Y se quedó allí sentado y trató de comportarse como si no estuviera, pero el enfado le reconcomía. En cualquier caso, su reacción me sorprendió. Quizá, a pesar de que había pasado tanto tiempo, no se había dado cuenta hasta entonces de que la decisión de dejar a mamá era irrevocable. A lo mejor, acababa de reparar por primera vez en que no era una broma, ni un juego, ni un experimento, y en que mamá no le estaba esperando en casa con curry y chapatis en el horno y una esterilla eléctrica.

Aquella noche prometí llevar a cenar fuera a papá, Eva, Allie y su novia para celebrar que tenía un nuevo empleo y que papá iba a dejar el suyo.

– ¡Qué buena idea! -se alegró Eva-. A lo mejor hasta os doy una buena noticia.

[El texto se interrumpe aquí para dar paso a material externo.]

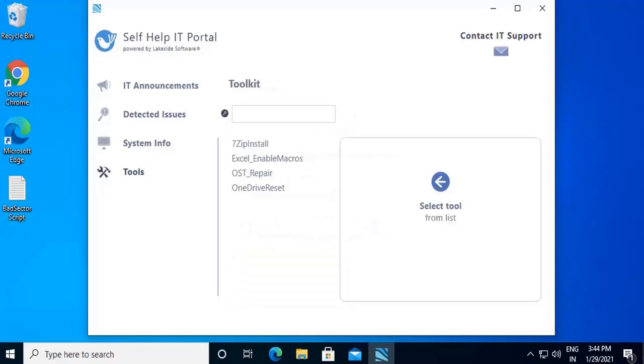The fourth feature of the Self-Help IT Portal is Tools, a customizable library of scripts that can be run anytime by the end-users. A common example is installing of a dependent application like 7-zip on the end-user device.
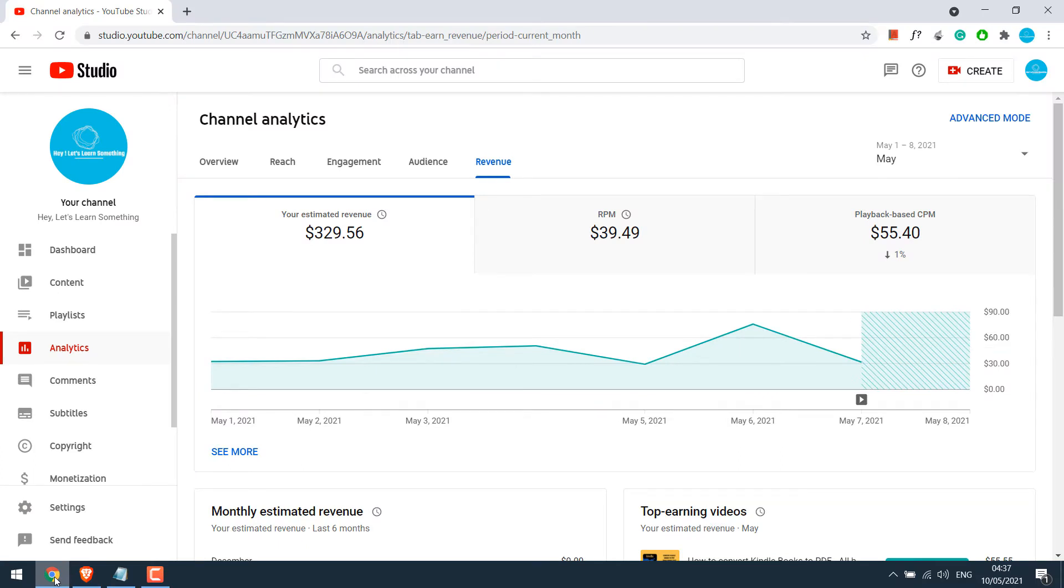So here you can see the revenue, the earnings for the month of May. In case you have any doubts, let me quickly refresh it.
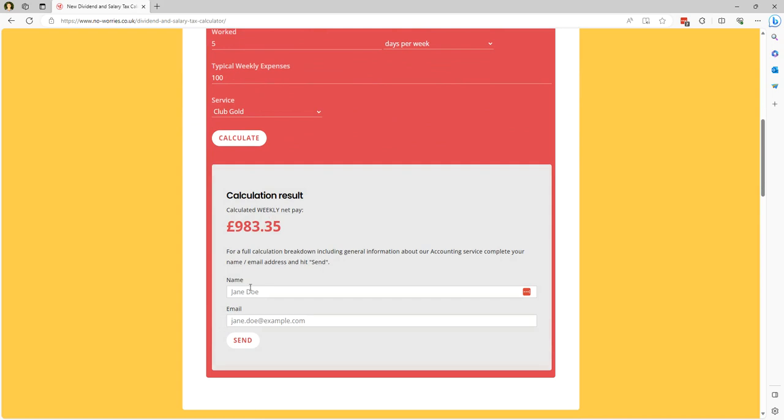If you add your name and email address in here then you get a full breakdown of how that gets calculated for better insight into what changes you can make to the pay illustration to get a better net pay result.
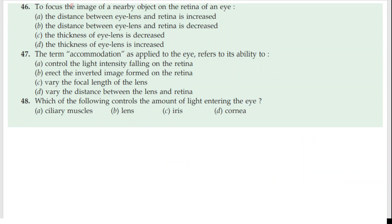Question 46: To focus the image of a nearby object on the retina of an eye — the eye lens is an elastic muscular lens. We know that the eye lens changes its shape. This muscular lens controls the formation of the image on the retina and is connected to ciliary muscles which control the shape of the eye lens. When light is coming from a far object, the lens gets stretched — it becomes thin — resulting in a decrease in the thickness of the lens.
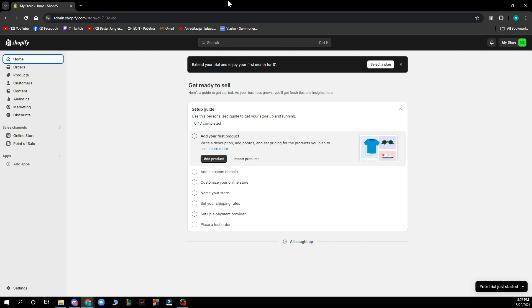First of all you need to install the plugin in the Figma community and then connect your Shopify store to the instant. Copy the Figma frame using the plugin, paste your Figma design into the instant, edit to make the pages responsive, publish to Shopify with a click, and that's basically how you can do it.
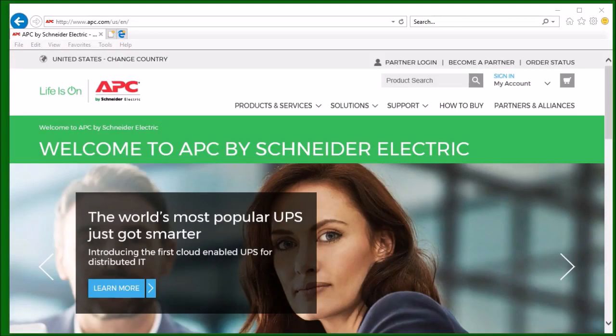In this video, I will demonstrate how to add the PowerShoot Web Interface Security Certificate to Internet Explorer 11 that is running on Windows 10.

Llamé a Jammie a la comuna y le pedí que viniera con Changez. Changez le arrebató el auricular y dijo que saldría si podía, pero no estaba seguro de que Jamila fuera a poder por culpa de la pillina de Leila. Además, se habían pasado el día entero en las mesas electorales, trabajando como interventores para el Partido Laborista.